Days of Dust and Mangos
On some days, the harmattan dust is like a light summer haze, and on others it’s like a heavy fog, cutting visibility down to a couple of hundred yards or less. There’s no escaping it, even inside air-conditioned houses, where it leaves a daily coat of dust on everything. It irritates throats and sinuses and is held responsible (rightly or wrongly) for all sorts of illnesses from colds to meningitis. Sometimes you can even taste it. It occasionally causes airport closures and road accidents.
On the positive side, the dust clouds block much of the sunlight and thus prolong the relatively moderate temperatures of Niger’s brief winter, when afternoon readings only get into the low 90s. Now, in early April, the skies are clearing; the temperatures are rising (soon to reach 110 or even 120 in mid-afternoon), and the mangos are ripening to provide a bountiful hot season treat.
Peace Corps and Presidential Politics
President Bush, in his 2002 State of the Union address, said:
The President subsequently proposed budget increases consistent with this growth rate, which would take the number of Volunteers to 14,000 in 2007. Congress has appropriated enough for some growth, though not nearly as much as the President called for. The overall number of Volunteers grew from about 7000 in 2002 and prior years to about 7500 in 2003. This represents the highest number of Volunteers since 1975. However, the FY04 appropriation ($308 million) is barely enough to sustain current operations, and plans for further growth in 2004 have been scrapped. (In Niger, we grew from an average of 90 to about 110 Volunteers currently, but our plan for a further increase to about 130 this year and next is on indefinite hold.)
Senator Kerry in a speech last May proposed an even more ambitious expansion of Peace Corps, to 25,000 Volunteers. I don’t know whether this is still a part of his plat-form, but even if it is, it’s hard to be sanguine about his ability to get anything approaching the necessary funding in the current budget climate. President Clinton called for growth to 10,000 Volunteers, but in fact the number barely reached 7000 by the end of his term, up from about 5500 in the early 1990s.
Should Peace Corps grow further?
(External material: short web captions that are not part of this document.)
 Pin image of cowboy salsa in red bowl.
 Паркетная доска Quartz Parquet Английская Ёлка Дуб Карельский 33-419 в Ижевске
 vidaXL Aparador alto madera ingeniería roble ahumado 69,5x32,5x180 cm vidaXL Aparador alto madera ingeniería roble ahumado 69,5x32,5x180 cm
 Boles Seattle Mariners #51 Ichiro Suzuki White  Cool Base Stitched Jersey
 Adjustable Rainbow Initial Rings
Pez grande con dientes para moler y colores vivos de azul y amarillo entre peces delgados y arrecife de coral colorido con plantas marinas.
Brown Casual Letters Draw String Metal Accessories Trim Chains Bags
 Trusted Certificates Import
In terms of advancing long-term US interests as well as positively impacting the lives of the poor people the Volunteers serve, I’ve found Peace Corps to be more cost-effective, to have a “bigger bang for the buck,” than any of the foreign assistance programs delivered by the Agency for International Development and most other foreign aid organizations. (I held and often expressed this opinion when I was in the Foreign Service many years ago, long before I had even thought of becoming part of Peace Corps.) I don’t think it’s politically feasible to increase the total amount of foreign aid at a time of severe budget deficits, but I do wish both parties would back their positive sentiments about Peace Corps by shifting from AID or other foreign assistance accounts the relatively tiny amount of funding that would be needed for growth to at least the 10,000 Volunteer level.
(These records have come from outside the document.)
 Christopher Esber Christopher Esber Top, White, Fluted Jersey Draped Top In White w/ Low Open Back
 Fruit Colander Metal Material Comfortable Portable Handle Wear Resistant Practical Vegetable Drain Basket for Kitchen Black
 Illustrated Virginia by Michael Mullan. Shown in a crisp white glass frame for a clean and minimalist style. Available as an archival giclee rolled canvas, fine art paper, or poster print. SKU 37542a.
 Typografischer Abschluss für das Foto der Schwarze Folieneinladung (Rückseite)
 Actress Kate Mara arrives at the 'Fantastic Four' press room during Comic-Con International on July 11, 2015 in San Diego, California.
Niger and the War on Terrorism
Since global terrorism leaped to the forefront of everyone’s attention on 9/11, we’ve been monitoring the situation here as closely as we can to assess the threat to the Volunteers. As I’ve noted before, even though this is an overwhelmingly Muslim country, there are few Islamic extremists; the Nigerien people and Government warmly welcome the Volunteers and actively support their security; and there have been no terrorist incidents here nor are there any known Nigerien terrorists. I continue to believe that a Volunteer at his/her post in Niger is safer from terrorism than people in New York, Washington, and other major American and European cities.
This is not to say, or course, that Niger and the Americans living here are invunerable to terrorism. We are vulnerable, and there is nothing we can do short of pre-emptive surrender, i.e., withdrawing all the Volunteers and going home, to eliminate that risk.
One concern has been the possibility of a spillover of Islamic extremism and/or terrorism from neighboring countries. Notable in this regard are the states of northern Nigeria, along the Niger border, that have Islamic extremist governments with Sharia (religion-based) law, as well as the border area with Algeria, where there has been a civil war waged by Islamic extremists against the government for several years.
The Nigerian border area has remained quiet and secure. In late February, however, a band of Algerian terrorists known as the GSPC (an acronym derived from French, translated as the Salafist Group for Call and Combat) was temporarily active in far northern Niger. They were apparently just passing through the area after being chased out of Algeria by Algerian forces. They crossed far northern Niger into Chad, where they were engaged by Chadian Government forces and reportedly suffered 43 killed.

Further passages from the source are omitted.